In BC we have ONE dysautonomia clinic at BC Children’s Hospital. It operates once a month, leaving a SIX MONTH waitlist, which Nathan is on.
I simply CANNOT watch my son suffer for an additional 6 months. This is crazy to me.
As a single parent of 4, I haven’t had enough time to plan for another setback like this, especially right before the holidays.
It is my absolute biggest goal to travel outside of B.C. within the next 3 weeks to have Nathan seen by a cardiologist who can complete a tilt table test for POTS so we can hopefully get Nathan on some medication to relieve his symptoms.
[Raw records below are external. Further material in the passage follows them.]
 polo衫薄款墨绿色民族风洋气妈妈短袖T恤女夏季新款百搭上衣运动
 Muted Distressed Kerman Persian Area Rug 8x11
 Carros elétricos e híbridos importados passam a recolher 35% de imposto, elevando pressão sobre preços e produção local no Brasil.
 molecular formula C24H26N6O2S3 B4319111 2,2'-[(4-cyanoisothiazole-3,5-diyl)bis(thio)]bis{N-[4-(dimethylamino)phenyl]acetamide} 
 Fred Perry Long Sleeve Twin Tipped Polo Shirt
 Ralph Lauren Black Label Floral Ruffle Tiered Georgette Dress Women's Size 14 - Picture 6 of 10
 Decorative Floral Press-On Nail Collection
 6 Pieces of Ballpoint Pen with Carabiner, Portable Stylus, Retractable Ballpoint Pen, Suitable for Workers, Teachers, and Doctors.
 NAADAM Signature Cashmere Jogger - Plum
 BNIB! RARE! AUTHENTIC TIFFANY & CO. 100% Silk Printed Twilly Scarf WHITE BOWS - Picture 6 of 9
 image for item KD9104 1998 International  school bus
These funds will cover all travel (airfare, hotel, medical bills outside of Canada as insurance won’t cover due to pre existing condition, food, & lost wages)
(current locations are in Mexico, Texas or Florida, if you have any other suggestions, again pls message me).
His current medications from the paediatric neurologist are not working at all. This is also a work in progress & they are trying.
Thank you for taking the time to read our story and share our link. I believe in paying it forward, and when life settles down for us again, that is what we will do.
Thank You So Much for the love & support.
Jillian, Nathan, Natalie, Landen & Lucas.